Repeat for the other sub-pipelines in __default__:
| Sub-pipeline | namespace |
inputs |
outputs |
|---|---|---|---|
data_science |
data_science |
{"model_input_table"} |
{"regressor", "X_train", "X_test", "y_train", "y_test"} |
reporting |
reporting |
{"preprocessed_shuttles"} |
{"shuttle_passenger_capacity_plot_exp", "shuttle_passenger_capacity_plot_go", "dummy_confusion_matrix"} |
Learn how to group nodes with namespaces in Kedro using the full Spaceflights example.
Update conf/base/catalog.yml for reporting
If the starter lists matplotlib.MatplotlibWriter for the confusion matrix output, change it to matplotlib.MatplotlibDataset in conf/base/catalog.yml before running locally.
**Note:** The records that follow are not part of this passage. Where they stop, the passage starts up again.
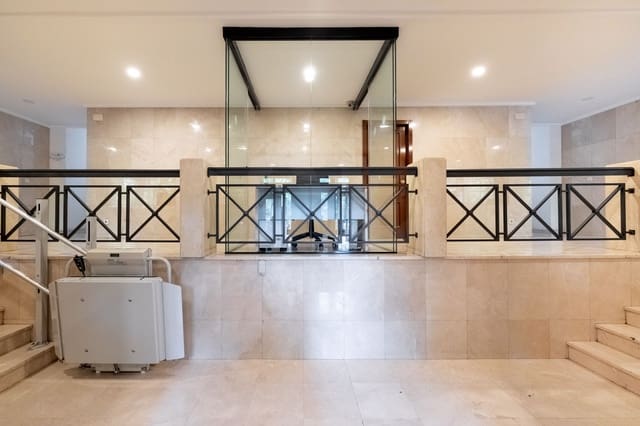 3 chambre Appartement à vendre à Costillares, Madrid ville avec garage - 820 000 € (Ref: 10031382)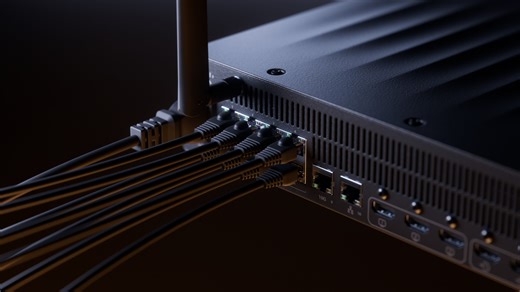 Meet the new Cisco Room Kit Pro G2, the most powerful large-room AV integrator solution to enable high-impact spaces without the AV puzzle. ▪️ Hyper-speed, extensive AVoIP capacity and deep integration with Cisco IP peripherals to simplify the most demanding workspaces ▪️ Advanced connectivity with 5K content sources, 8K large-format displays, BYOD, USB peripherals, and audio systems ▪️ Manageability to monitor the entire room deployment without blind spots, even analog audio devices and HDMI ca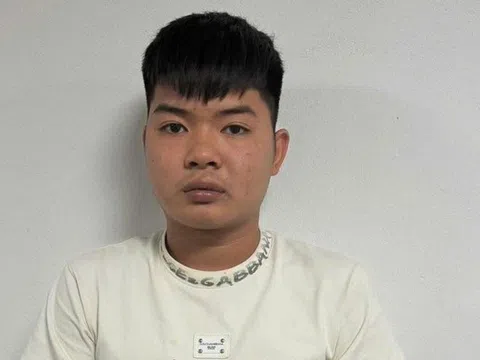 Bắt đối tượng cầm dao phay tấn công vợ và mẹ vợ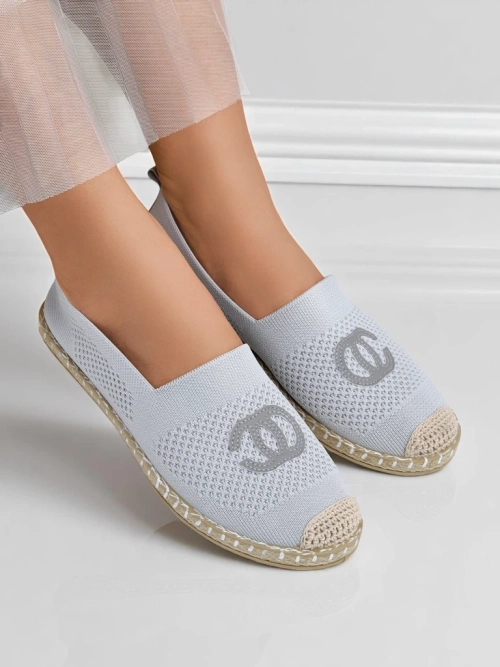 Royalfashion Жіночі еспадрильї JuteBreeze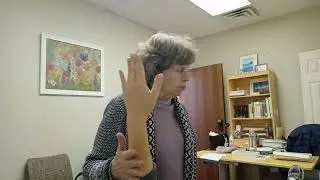 Health check Rosi 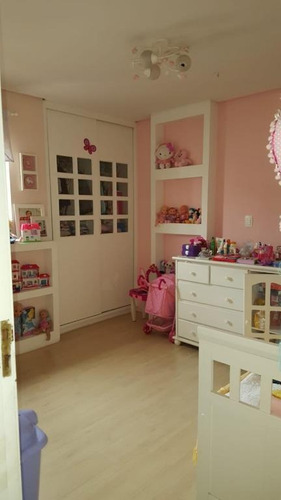 Imagem 11 de 13 de Apartamento Residencial À Venda, Alto Da Mooca, São Paulo. - Ap4344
In Spaceflights the catalog entry is named dummy_confusion_matrix. The aws catalog in Step 3 already uses MatplotlibDataset.
Verify locally after adding namespaces:
kedro run --namespaces=data_processing
kedro run
Step 2: Set up AWS¶
Create the AWS resources your Kedro project will use before you point configuration at them. Complete this setup for each AWS account and region.
Create an S3 bucket and upload raw data¶
Create a globally unique bucket and upload the raw datasets. Follow the AWS guides for creating an Amazon S3 bucket and uploading objects to Amazon S3:
export AWS_ACCOUNT_ID=<your-aws-account-id>
export AWS_REGION=<your-aws-region>
export S3_BUCKET=<your-bucket>
aws s3 mb "s3://${S3_BUCKET}" --region "${AWS_REGION}"
aws s3 sync data/01_raw/ "s3://${S3_BUCKET}/01_raw/"
shuttles.xlsx may be missing locally
The starter gitignores data/01_raw/shuttles.xlsx. Copy it from the Spaceflights starter repository on GitHub if kedro new did not place it in your project.
Create an ECR repository¶
| Resource | AWS documentation | What you need for Kedro |
|---|---|---|
| ECR repository | Create a private Amazon ECR repository | One private repo for the Lambda image (for example spaceflights-step-functions) |
| CDK bootstrap | Bootstrap AWS CDK in your account | One-time per account/region before cdk deploy in Step 7 |
| IAM | Created by CDK | Lambda execution roles and Step Functions permissions are provisioned by the CDK stack |
Create the ECR repository:
export ECR_REPO=spaceflights-step-functions
aws ecr create-repository --repository-name "${ECR_REPO}" --region "${AWS_REGION}"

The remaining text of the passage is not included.